Anne Lafont, Clark Professor for the Academic Year 2021-2022, is a director of studies l’École des hautes études en sciences sociales in Paris, where she leads a research cluster titled “Histoire de l’art et créolités.” She is a specialist on eighteenth- and nineteenth-century art and visual culture in the transatlantic world. She is the author of numerous books, including L’artiste savant à la conquête du monde moderne (2010), 1740, un abrégé du monde, Savoirs et collections autour de Dezallier d’Argenville (2012), and, most recently, L’art et la race: L’Africain (tout) contre l’œil des Lumières (2019). She was co-editor, with Melissa Hyde, of Plumes et Pinceaux. Discours de femmes sur l’art en Europe 1750-1850, (2012).

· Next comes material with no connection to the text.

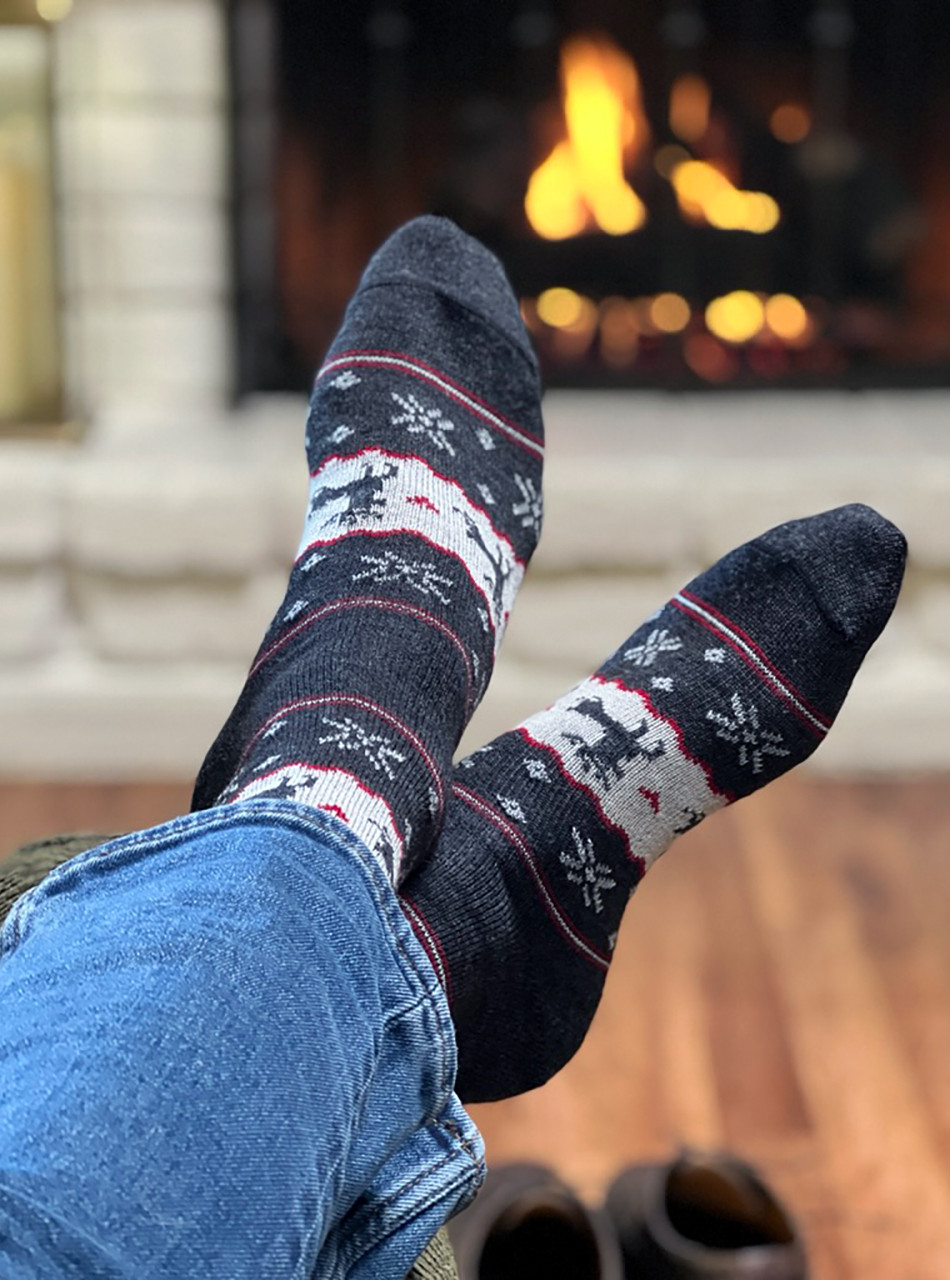 Nordic Reindeer Fair Isle Alpaca Wool Socks in front of fire.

From 2013 to 2017 she was editor in chief of Perspective, the journal of the Institut national d’histoire de l’art (INHA).
Kobena Mercer, Clark Professor for the Academic year 2022-2023, is Professor in History of Art and African American Studies at Yale University. He teaches modern and contemporary art in the Black Atlantic, examining African American, Caribbean and Black British artists with critical methods from cultural studies. He is author of studies of James Van Der Zee, Romare Bearden and Adrian Piper, Isaac Julien and Rotimi Fani-Kayode and he edited the Annotating Art’s Histories series, whose titles are Cosmopolitan Modernisms (2005), Discrepant Abstraction (2006), Pop Art and Vernacular Cultures (2007) and Exiles, Diasporas & Strangers (2008). Recent publications include ‘The Cross-Cultural and the Contemporary,’ in 21st Century: Art of the First Decade, (2011) and ‘Art History after Globalization,’ in Colonial Modern: Aesthetics of the Past, Rebellions for the Future (2010), and Travel & See: Black Diaspora Art Practices since the 1980s (2016). He is an inaugural recipient of the 2006 Clark Prize for Excellence in Arts Writing.